Task prompt
Output the exact lines that start at the one containing "A tall minaret" and continue to the last line of the entries below; do not output pictures.
[Data records]
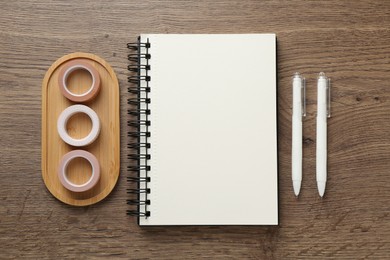 Photo of Notebook, decorative craft tapes and pens on wooden table, flat lay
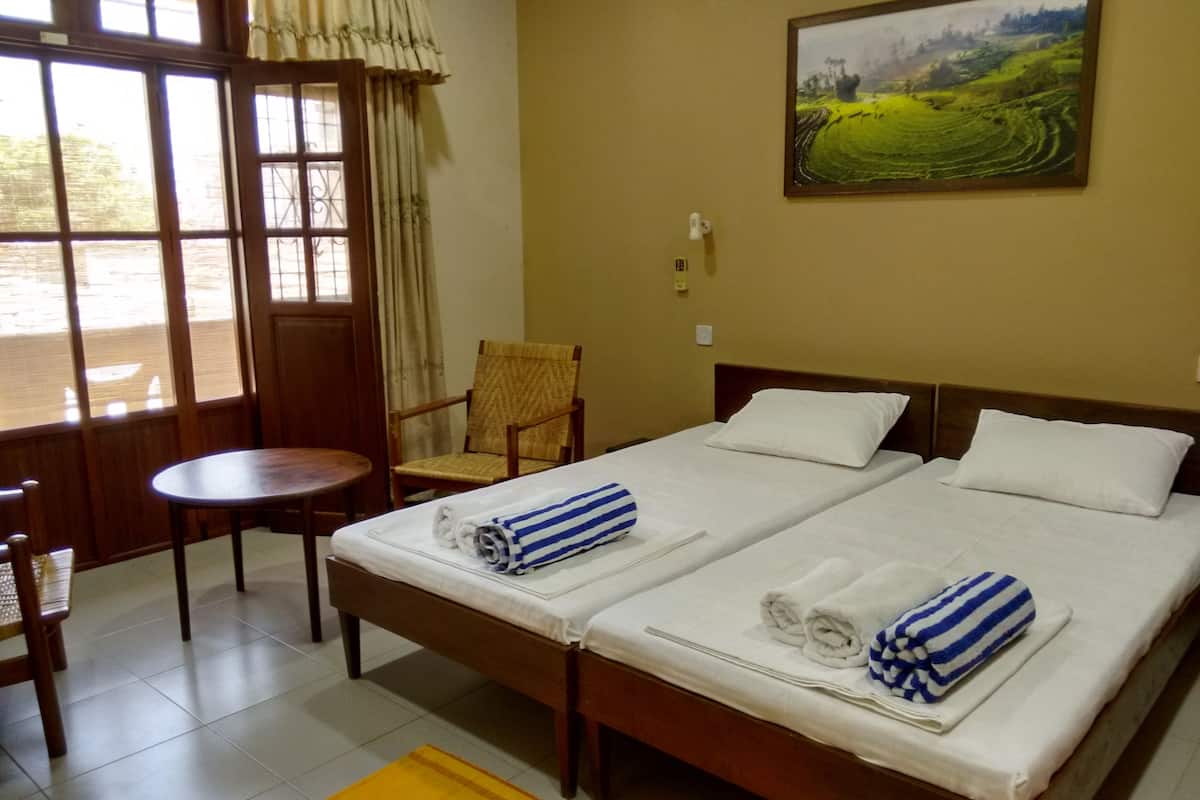 A hotel room with two beds, a chair, a small table, and a painting on the wall.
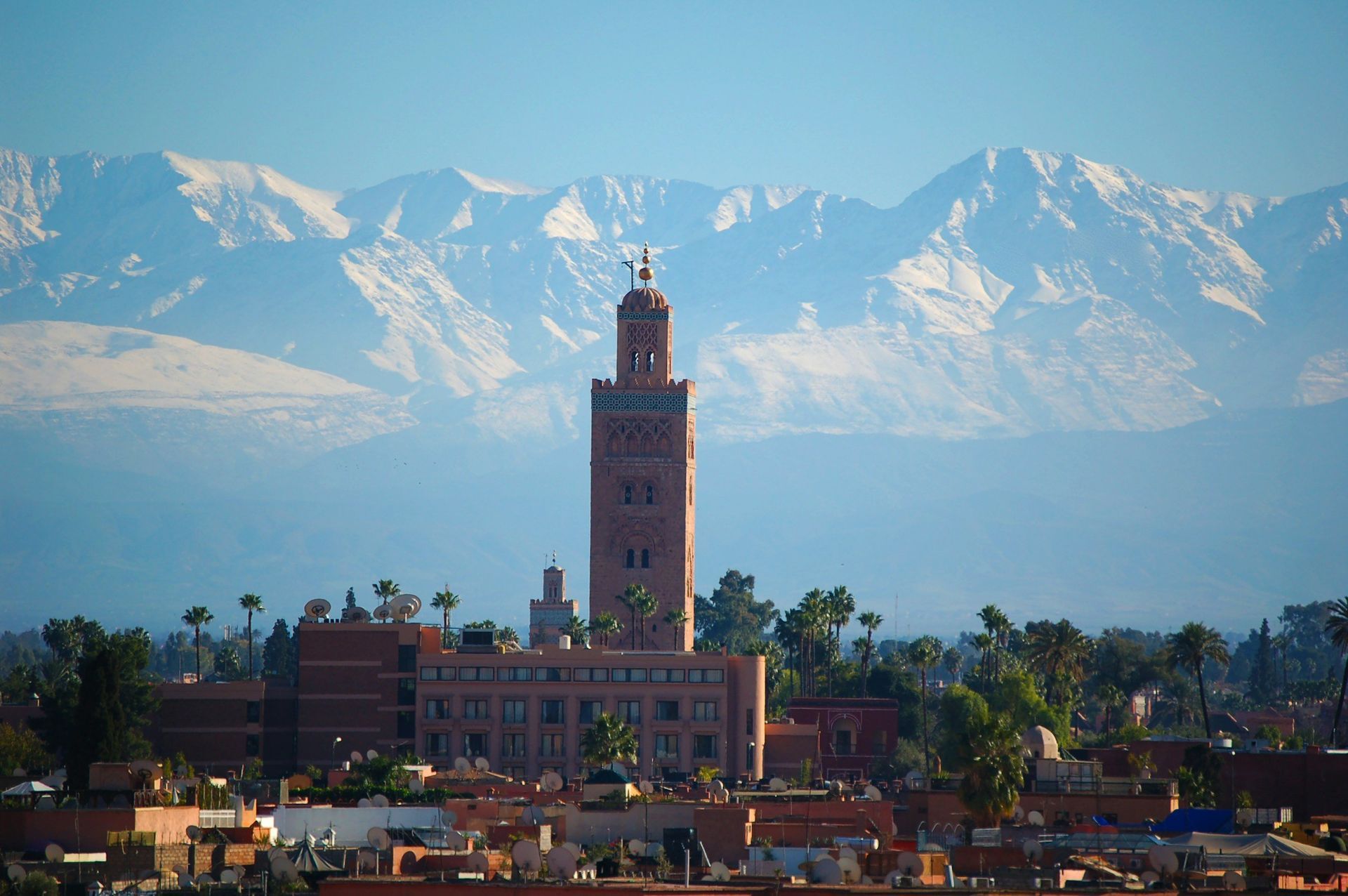 A tall minaret rises above a cityscape, snowy mountains in the background under a blue sky.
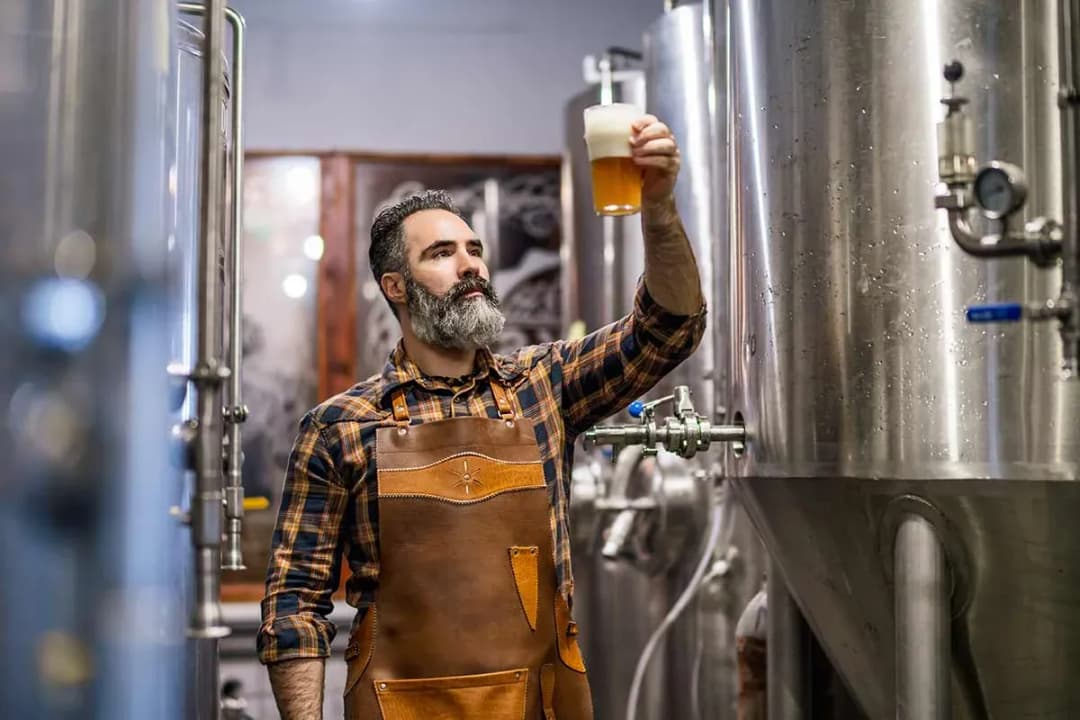brasseur à la barbe vérifiant la couleur d'une bière devant des cuves inox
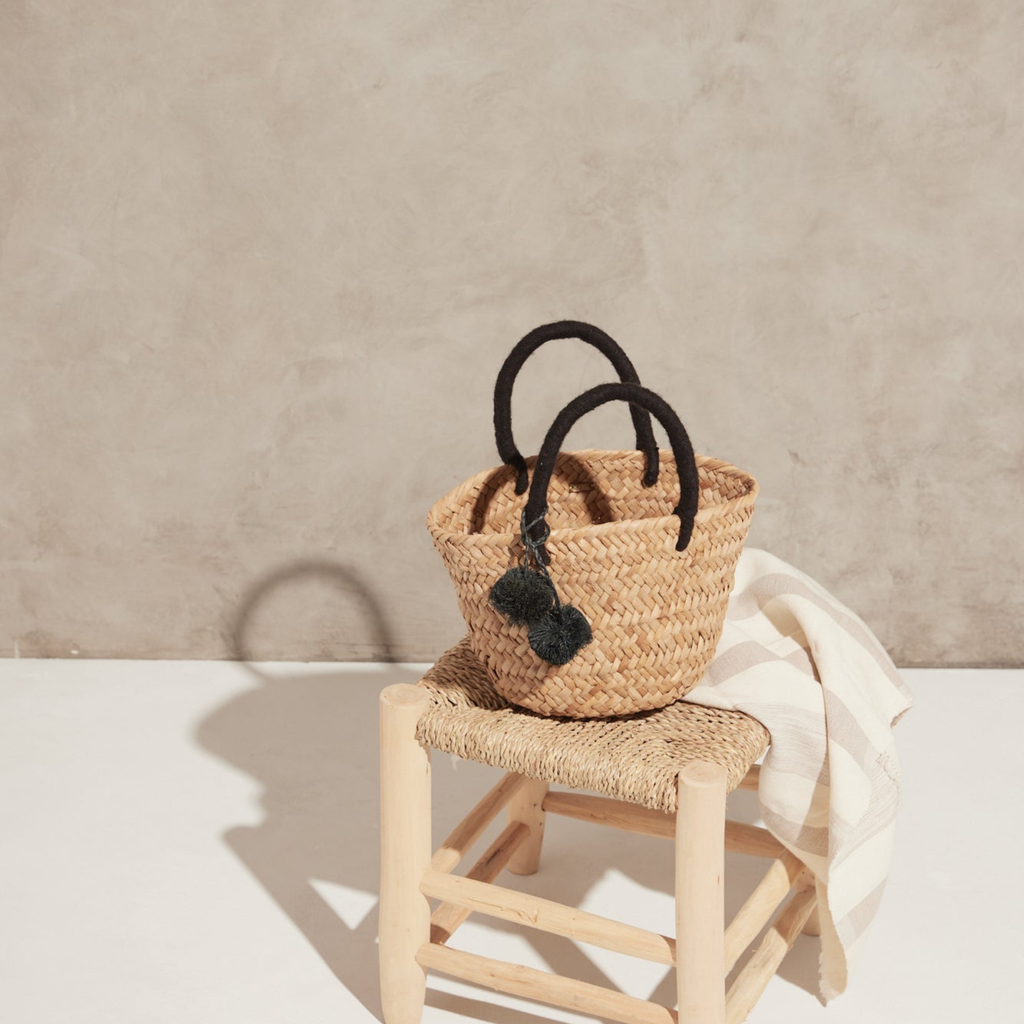 Mini St Tropez Pom Pom Straw Tote in Black - The Well Appointed House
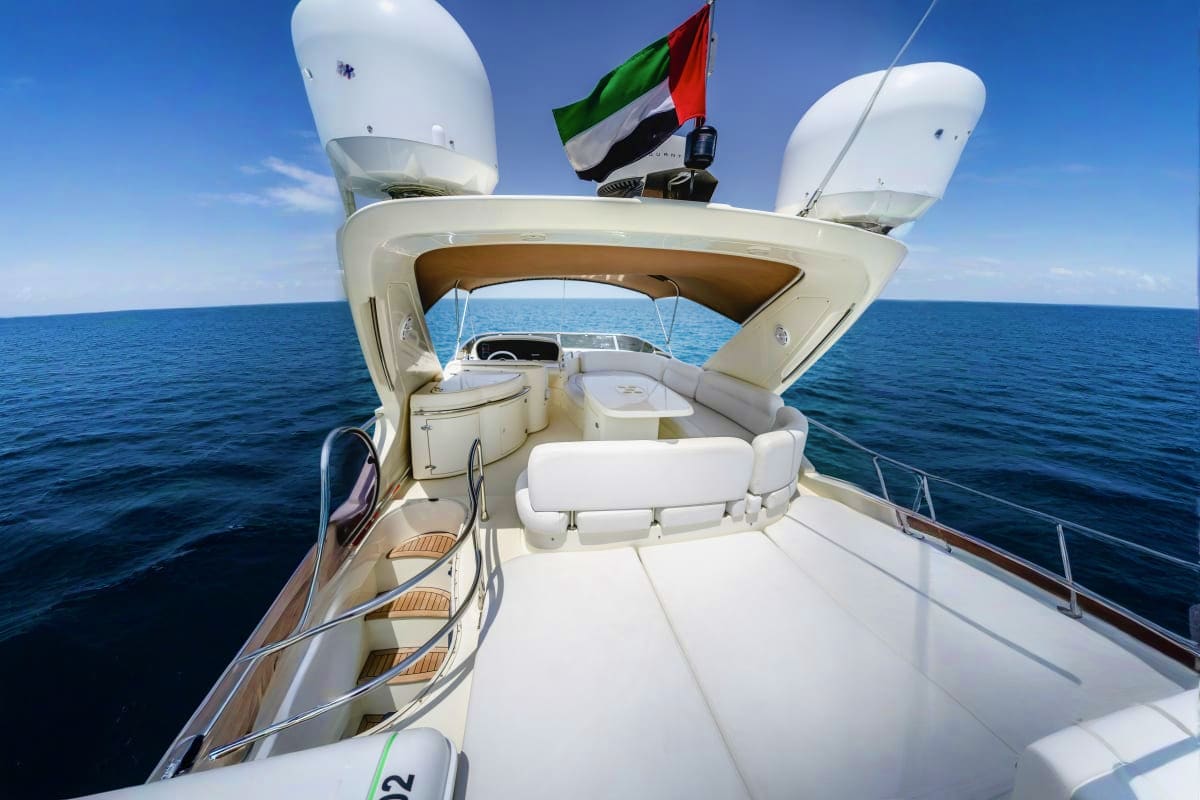 Luxury white yacht deck with UAE flag, white seating area, satellite antennas, and calm blue ocean on clear day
[/Data records]
Answer section
 A tall minaret rises above a cityscape, snowy mountains in the background under a blue sky.
brasseur à la barbe vérifiant la couleur d'une bière devant des cuves inox
 Mini St Tropez Pom Pom Straw Tote in Black - The Well Appointed House
 Luxury white yacht deck with UAE flag, white seating area, satellite antennas, and calm blue ocean on clear day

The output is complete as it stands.